Trouble is, there is no OOP "standard." OOP correctness is largely left to opinion. We can set a baseline of concepts that a given language must support in order to be considered OOP, but that's only half the battle. It's also important to know, that OOP is not the panacean solution to software. There will be, and already are, paradigm shifts that render OOP obsolete as well. OOP is not something you do, or write. OOP is a mindset, and the proper mindset facilitates the implementation of said in languages that support it.

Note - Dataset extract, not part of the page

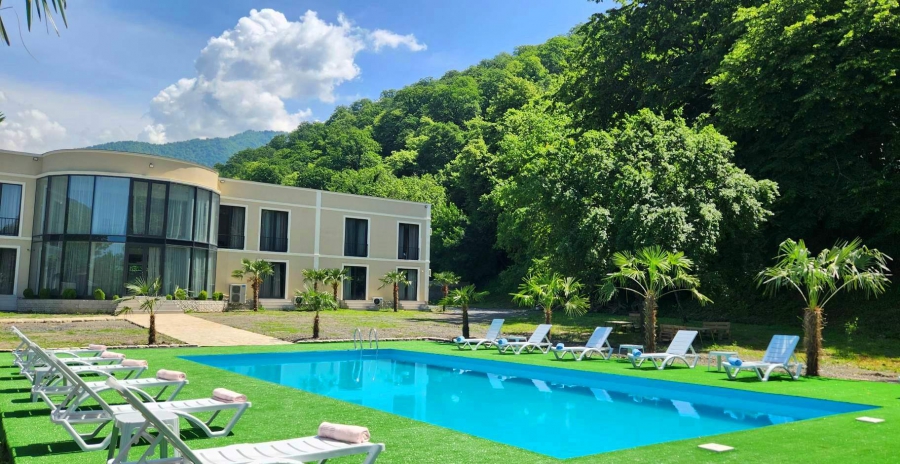 Tilia Kvareli Resort - ყვარელში მდებარე ტურისტული ობიექტი, რომელიც ადგილობრივ ვიზიტორებზე ფოკუსირდება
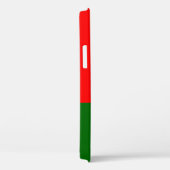 Portugese vlag Case-Mate iPhone case (Achterkant / Rechts)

Many OO purists would argue that VB is not OO because it lacks implementation inheritance (and other things, but this being most notable). True, those who build simple frontends in VB probably never spend time learning OO concepts, but if anyone has actually employed VB in a production environment (e.g. a WinDNA architecture), then they are most certainly familiar with OO concepts. One could even say VB was more advanced than the more traditional languages in terms of OO, as older languages had to be retrofitted with concepts like separation of interface from implementation (don't quote me on that, I don't know when C++ added the idea of abstract base classes).
If we define OO as requiring: polymorphism, genericity, object identification, object messaging, implementation inheritance, etc. (as a lot of OO people do), then almost all languages fall short, with the exception of Smalltalk
Conclusion: I don't consider VB to be the most complete OO environment, but to think of it as being OO inept isn't accurate.